Elderly, Vaccinated and Still Lonely and Locked Inside

Elderly, Vaccinated and Still Lonely and Locked Inside

Elderly, Vaccinated and Still Lonely and Locked Inside

Elderly, Vaccinated and Still Lonely and Locked Inside

TORONTO — Devora Greenspon is among the lucky ones. She is one of the 1.4 percent of Canadians who has received two shots of a coronavirus vaccine. So have 90 percent of the residents in her nursing home.

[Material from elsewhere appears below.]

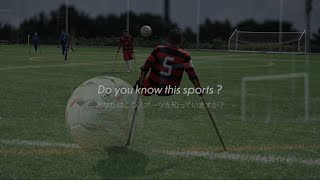 このスポーツを見たことがありますか？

How has it changed her life?

“It’s like it never happened,” says Ms. Greenspon, 88, who is still sequestered mostly in her room. Her walks have been confined to the corridor; she has not been allowed to leave the center for nonmedical reasons since October.

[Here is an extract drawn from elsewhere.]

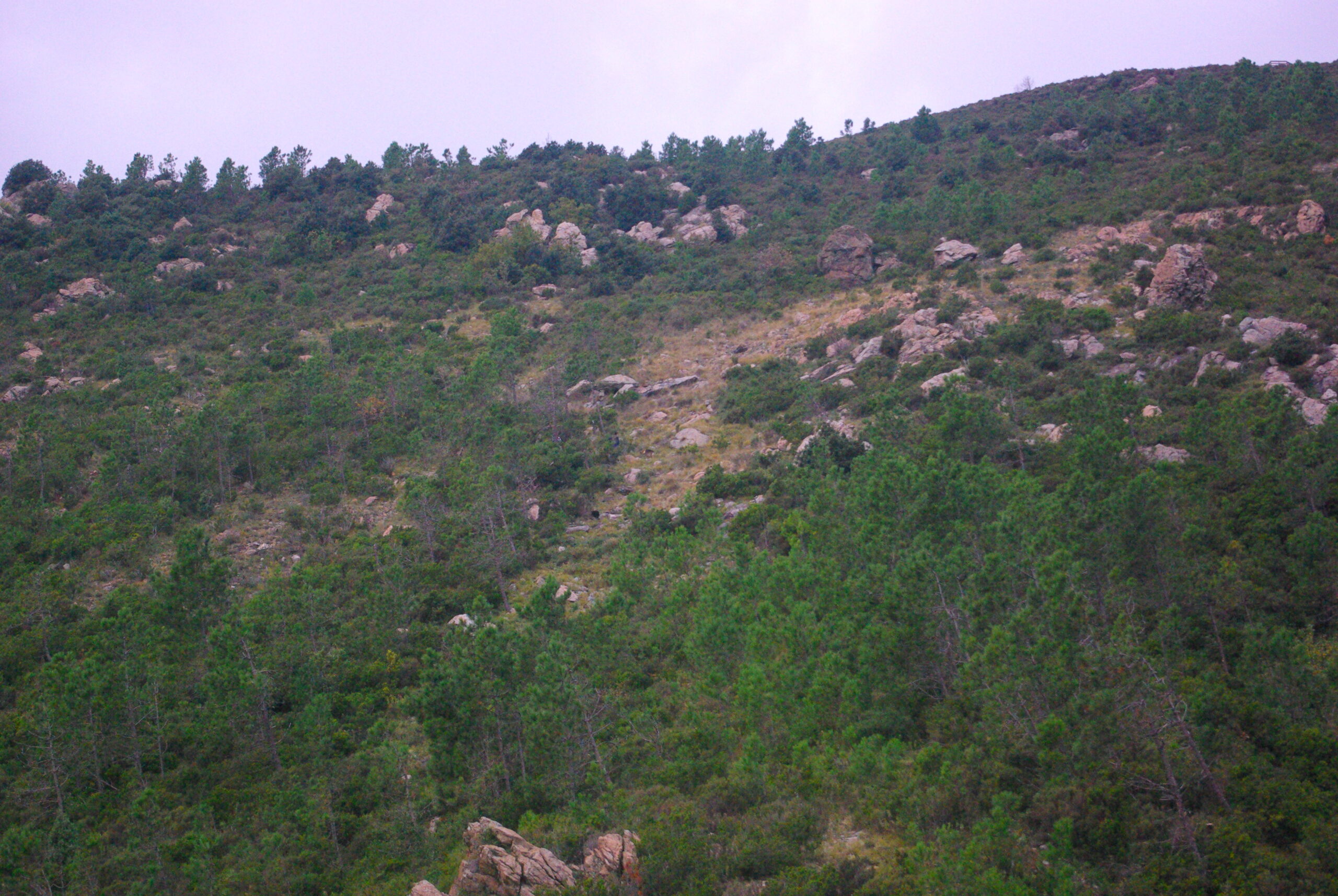 Croce Rossa Italiana - Comitato di Arenzano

Long-term care homes, as they are called in Canada, were prioritized for the first precious doses of vaccines, to few objections — they were ground zero for the pandemic’s cruel ravage. Around 66 percent of the country’s terminal Covid-19 victims lived in nursing homes, among the highest rates in the world.

But while the vaccines have given the majority of nursing-home residents protection from death by the virus, so far they have not offered more life. Some residents have compared their lives to those of prisoners and caged animals.

Most places around the country have policies that allow visits from only one or two designated caregivers, but these measures aren’t evenly carried out. And in several cities, including Toronto and Montreal, residents are not allowed to leave the property to walk to a pharmacy or enjoy the simple pleasure of a stroll down the street.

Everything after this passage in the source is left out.